Please repeat the records below exactly, skipping any pictures.

***

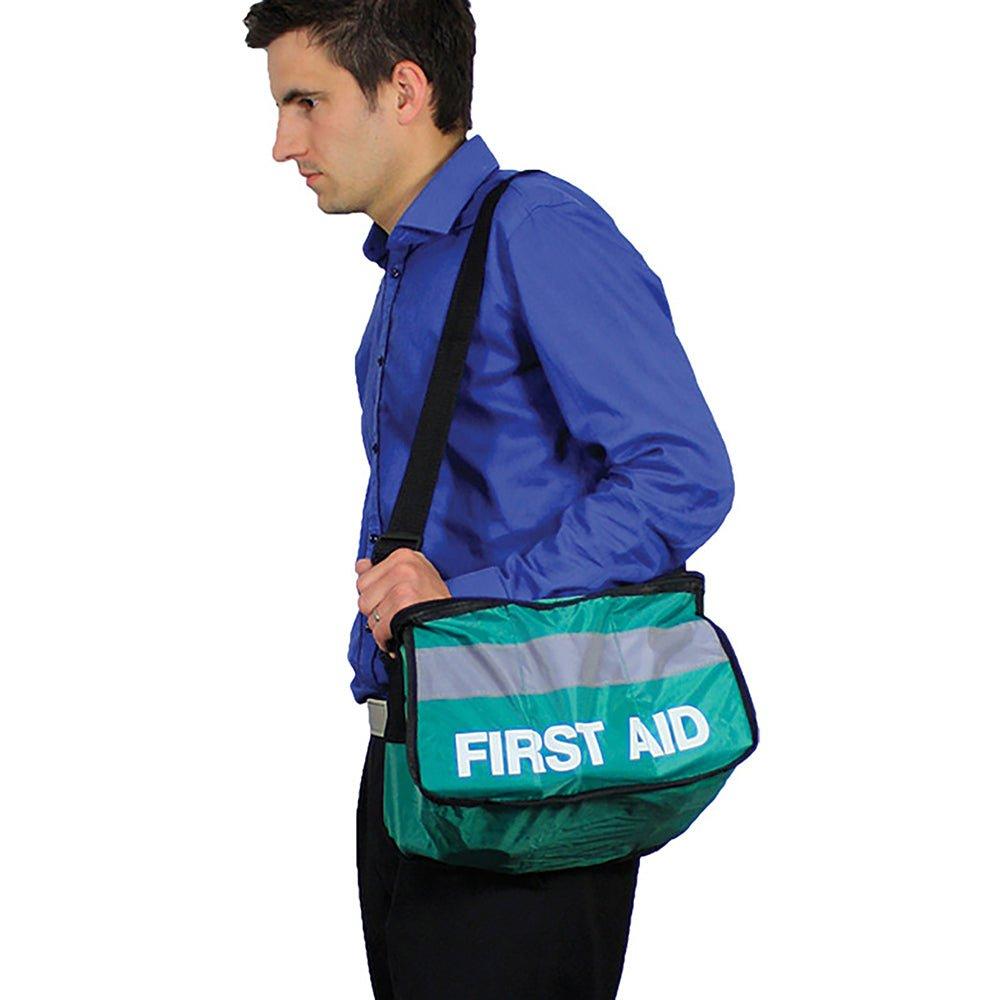 Neutral - Sports Directory - BS School First Aid Haversack - 3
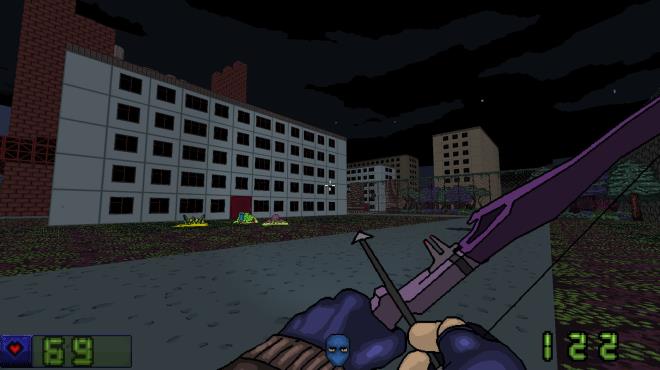 BULLETARIUM PC Crack BULLETARIUM PC Crack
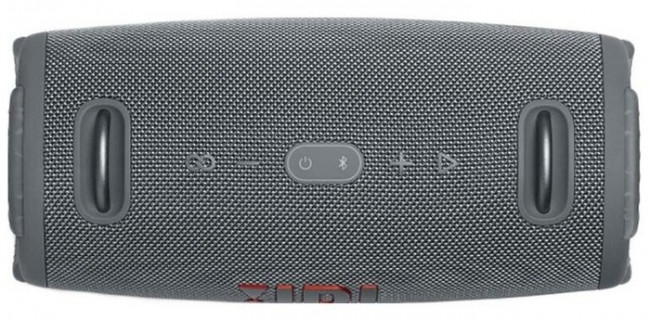 Портативная акустика JBL Xtreme 3 Gray - фото2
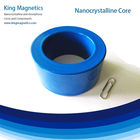 Toroidal current transformer nanocrystalline core supplier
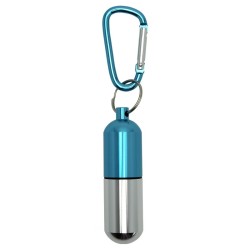 Porte-clefs - 3D - Dragon Ball - Blue Capsule No. 9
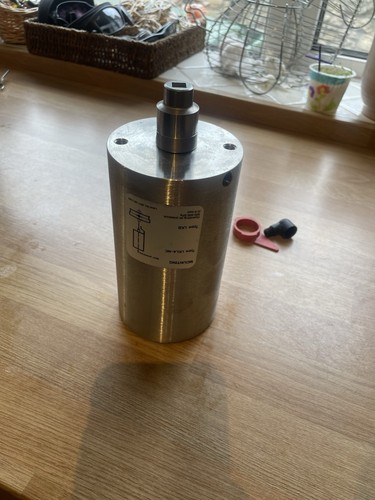 Air actuator lklv - air,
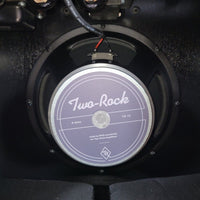 Two-Rock 2026 Bloomfield Drive 100 / 50 Watt Combo - Ampeg Vibe - NEW! - Mahar's Vintage Guitars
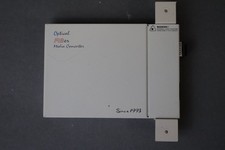 STARTECH HUBS-ET91000LC Gigabit Multi Mode Fiber Ethernet Media Converter tested picture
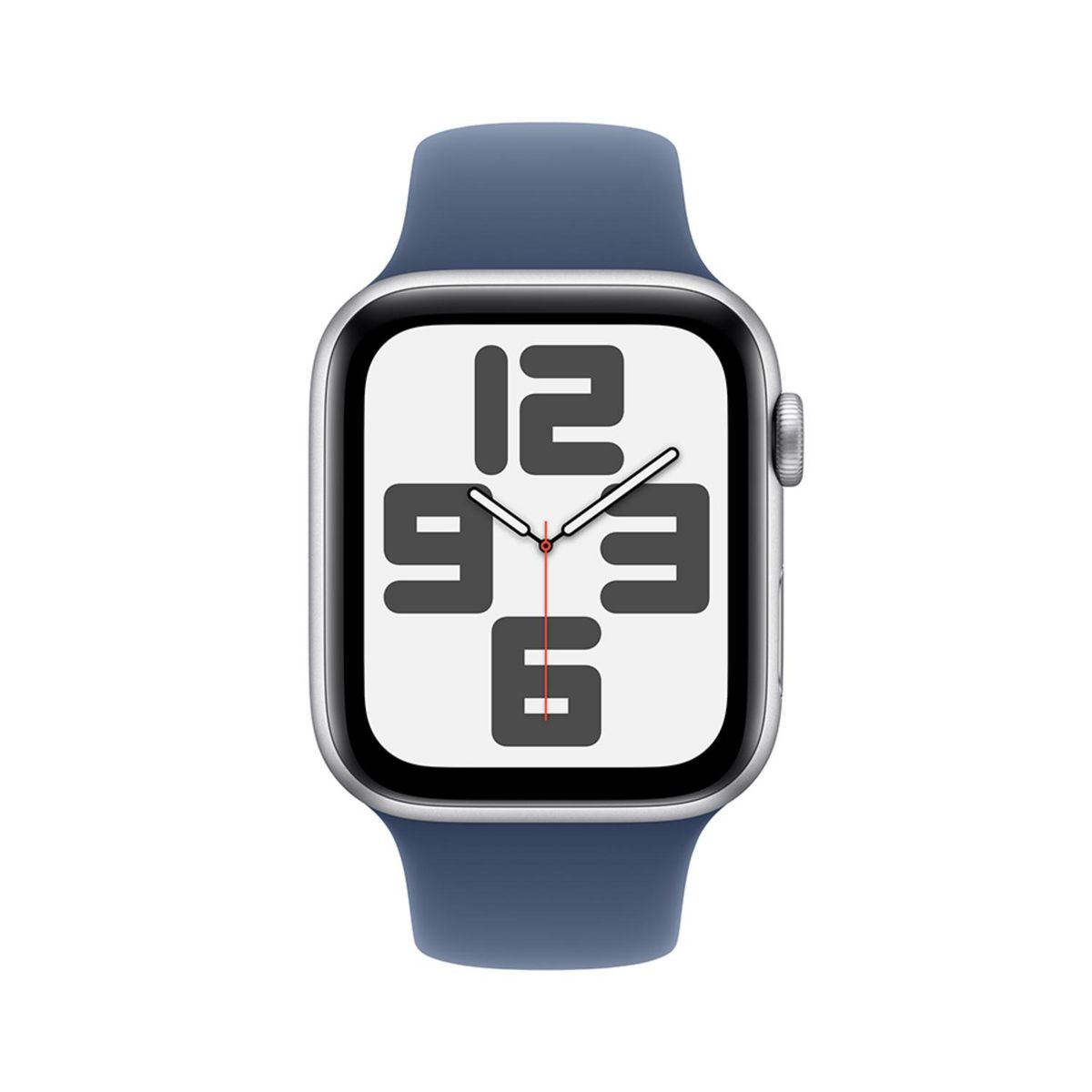 APPLE - Apple Watch SE 44mm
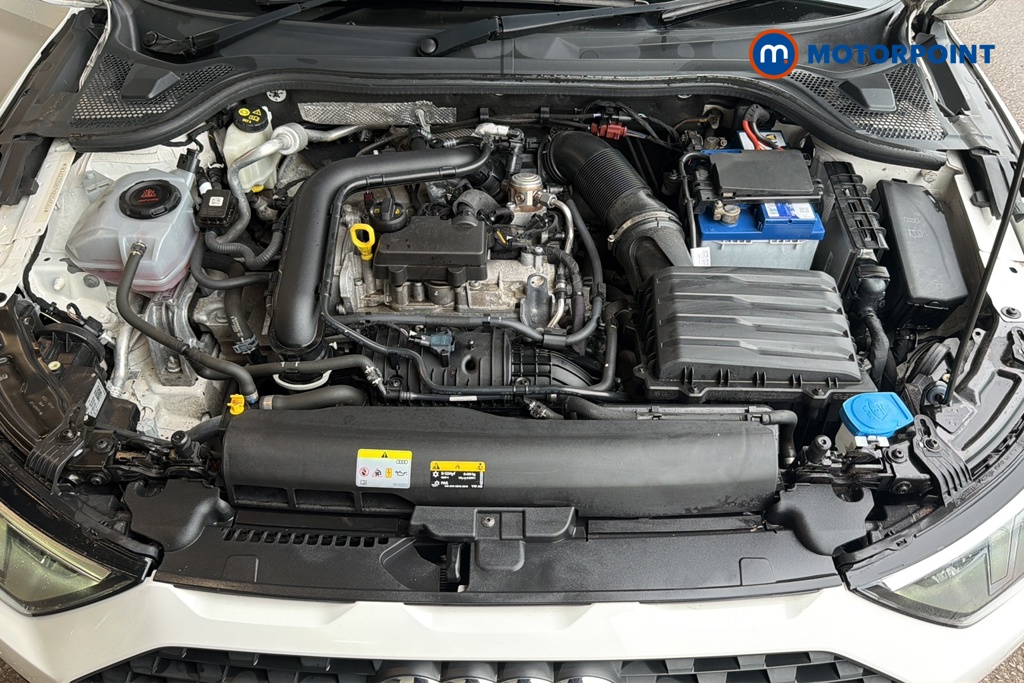 Audi A1 Technik Automatic Petrol Hatchback - Stock Number (1650822) - 48th supplementary image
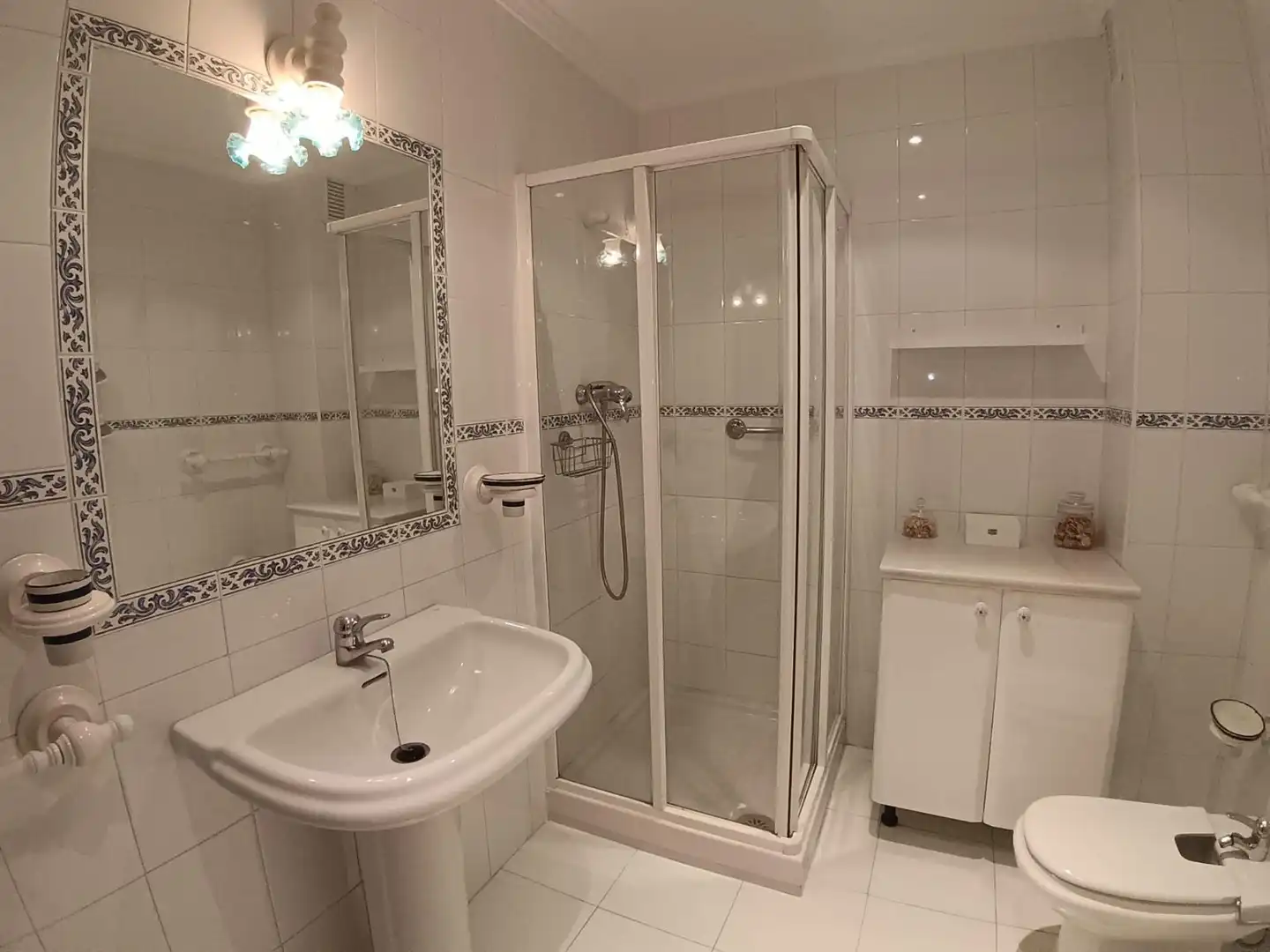 Pis de 122 m² a Antequera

***

• **REPLY TO THE TASK**
 Neutral - Sports Directory - BS School First Aid Haversack - 3
 BULLETARIUM PC Crack BULLETARIUM PC Crack
 Портативная акустика JBL Xtreme 3 Gray - фото2
 Toroidal current transformer nanocrystalline core supplier
 Porte-clefs - 3D - Dragon Ball - Blue Capsule No. 9
 Air actuator lklv - air,
 Two-Rock 2026 Bloomfield Drive 100 / 50 Watt Combo - Ampeg Vibe - NEW! - Mahar's Vintage Guitars
 STARTECH HUBS-ET91000LC Gigabit Multi Mode Fiber Ethernet Media Converter tested picture
 APPLE - Apple Watch SE 44mm
 Audi A1 Technik Automatic Petrol Hatchback - Stock Number (1650822) - 48th supplementary image
 Pis de 122 m² a Antequera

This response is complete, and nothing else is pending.